### Data excerpt
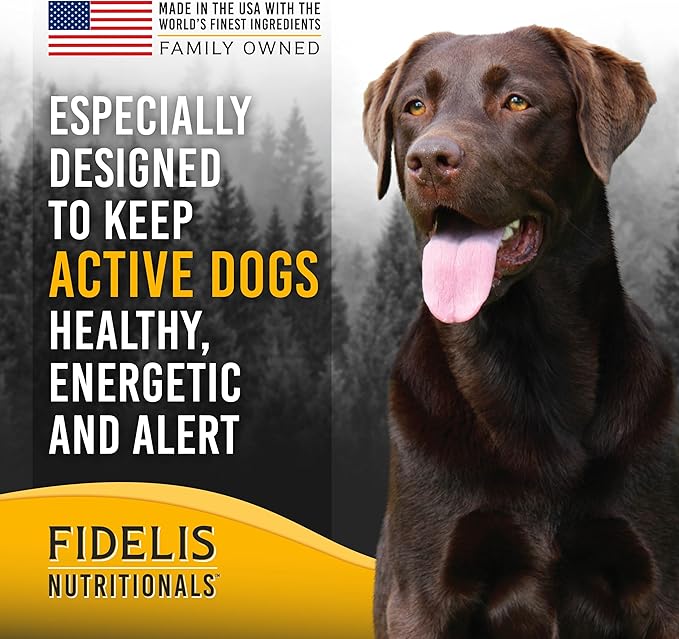 FIDELIS Freeze Dried Raw Dog Food with Superfoods for Large Dog Breeds (8 oz) - Made in USA with Cage Free Chicken, Grain-Free, High Protein for Adult or Puppy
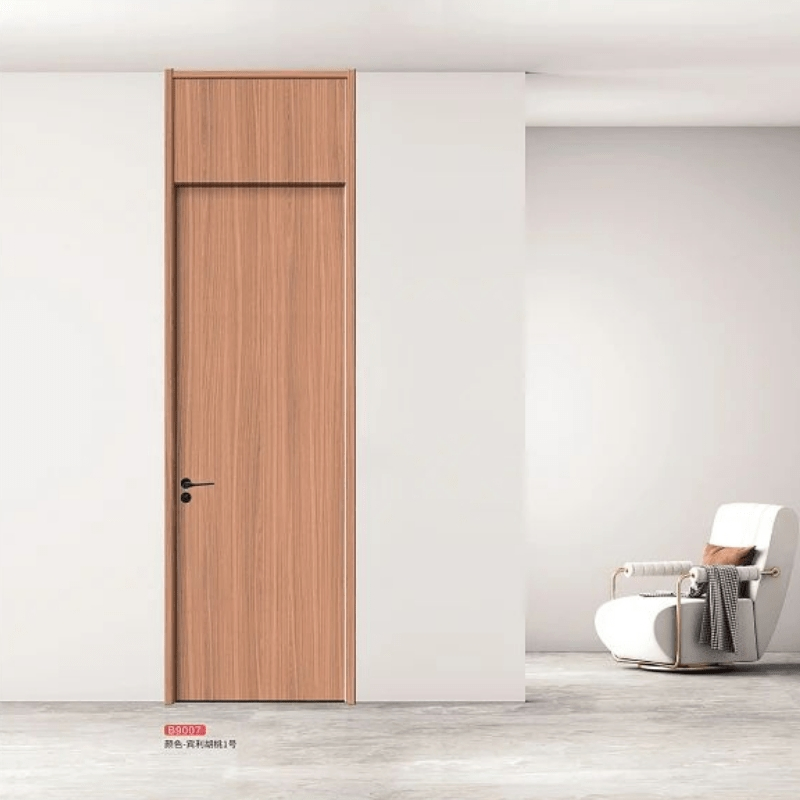 High Quality Wood Plastic Composite Majoys Customized Modern Antibacterial WPC Door
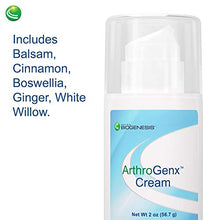 Load image into Gallery viewer, Nutra BioGenesis - ArthroGenx Cream - Turmeric, Ginger and MSM to Help Soothe Skin and Massage Muscles and Joints - 2 Ounce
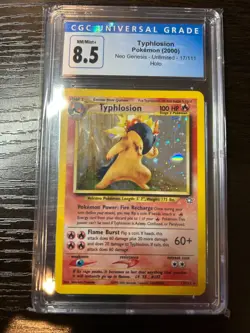 CGC 8.5 Typhlosion 2000 Neo Genesis 17/111 Holo Pokemon Card - Image 1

### Your goal
No pictures should appear in the copy. Reproduce exactly the lines from the line containing "High Quality Wood" through the last line of the data, inclusive.

### Answer space
 High Quality Wood Plastic Composite Majoys Customized Modern Antibacterial WPC Door
 Load image into Gallery viewer, Nutra BioGenesis - ArthroGenx Cream - Turmeric, Ginger and MSM to Help Soothe Skin and Massage Muscles and Joints - 2 Ounce
 CGC 8.5 Typhlosion 2000 Neo Genesis 17/111 Holo Pokemon Card - Image 1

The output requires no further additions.